Students at Moses Brown School in Providence, Rhode Island, watched as their head of school, Matt Glendinning, danced and lip-synched to a parody of “Let It Go,” the hit song from the animated Disney movie, “Frozen.”

“We could make you come to school but that would just be mean,” Glendinning, wearing a matching set of striped gloves, scarf and hat, sings in the video, posted Monday.

"The plows are running but still traffic starts to slide…Don’t come to school just stay inside,” he sings. "Today the snow has set you free ... you can stay at home.”

“School is closed .. school is closed .. because it snowed so much last night,” Glendinning, head of the school since 1999, continues in the four-minute video.

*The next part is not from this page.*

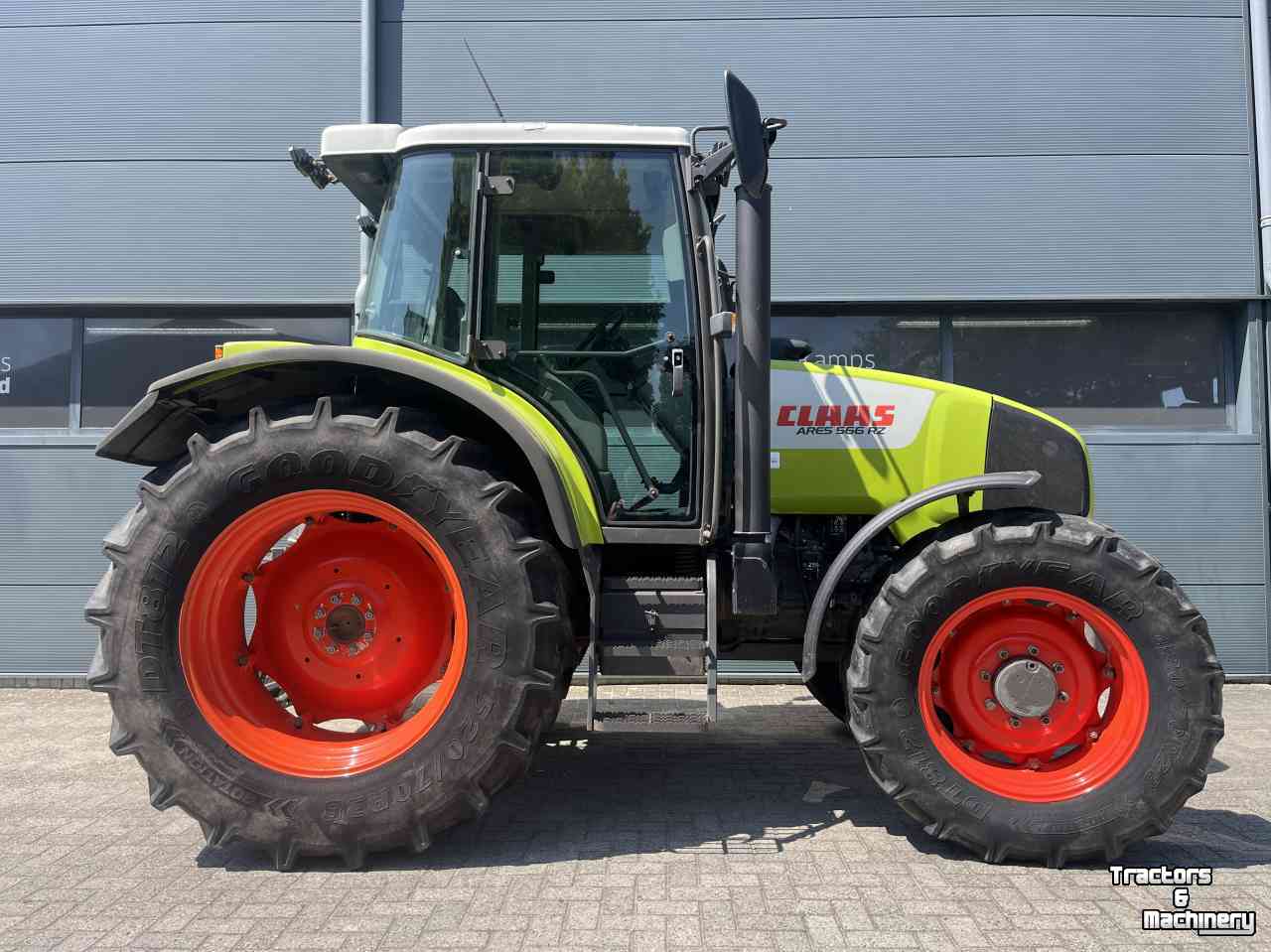 Tracteur Claas 566 RZ C2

The director of communications and community engagement for the independent, Quaker day school told the local NPR station that he came up with the idea after seeing other videos and thinking the school could “crush that.”

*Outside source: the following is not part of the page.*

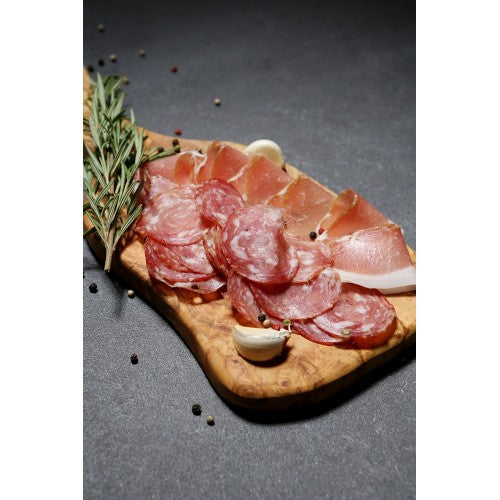 Italienische Salami aufgeschnitten auf einem Holzbrett mit Rosmarinzweig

“I’ve seen a couple of funny principal snow day closings and I thought we could really crush that,” As Olenn told WBUR’s The Artery. “Of course, with two little girls, I’ve heard ‘Let It Go’ from ‘Frozen’ more than a couple times.”

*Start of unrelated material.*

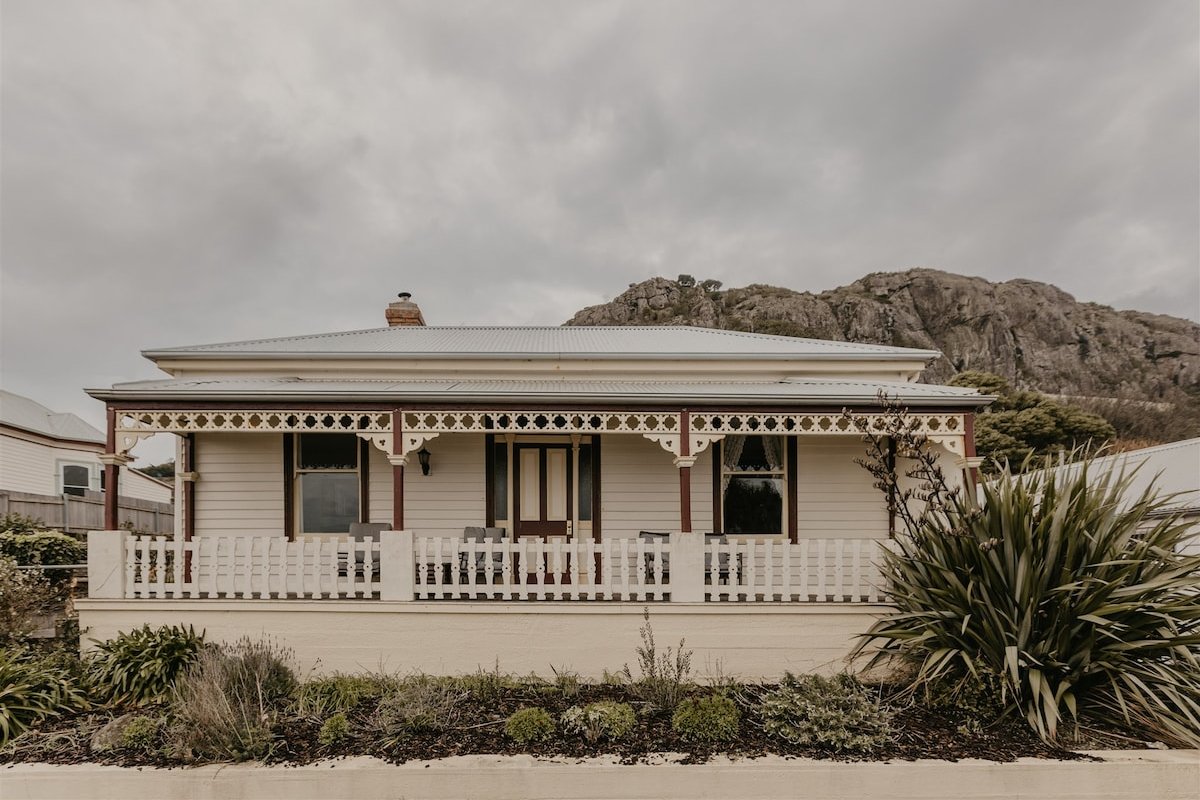 Abbey’s Spa Cottage gallery image 2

Olenn told the station he wrote the parody in 15 minutes and recorded it with Glendinning in advance so they would have it ready to roll when a storm hit.

“We’ve been shooting for probably a week, week and a half,” Olenn said, adding that they shot the video’s final scenes last Friday.

Glendinning, who could not be reached for comment today, may be the star of the video but it is not, in fact, his voice behind the song’s funny lyrics.

The voice is instead that of Moses Brown’s choral director, Justin Peters, Olenn told WBUR.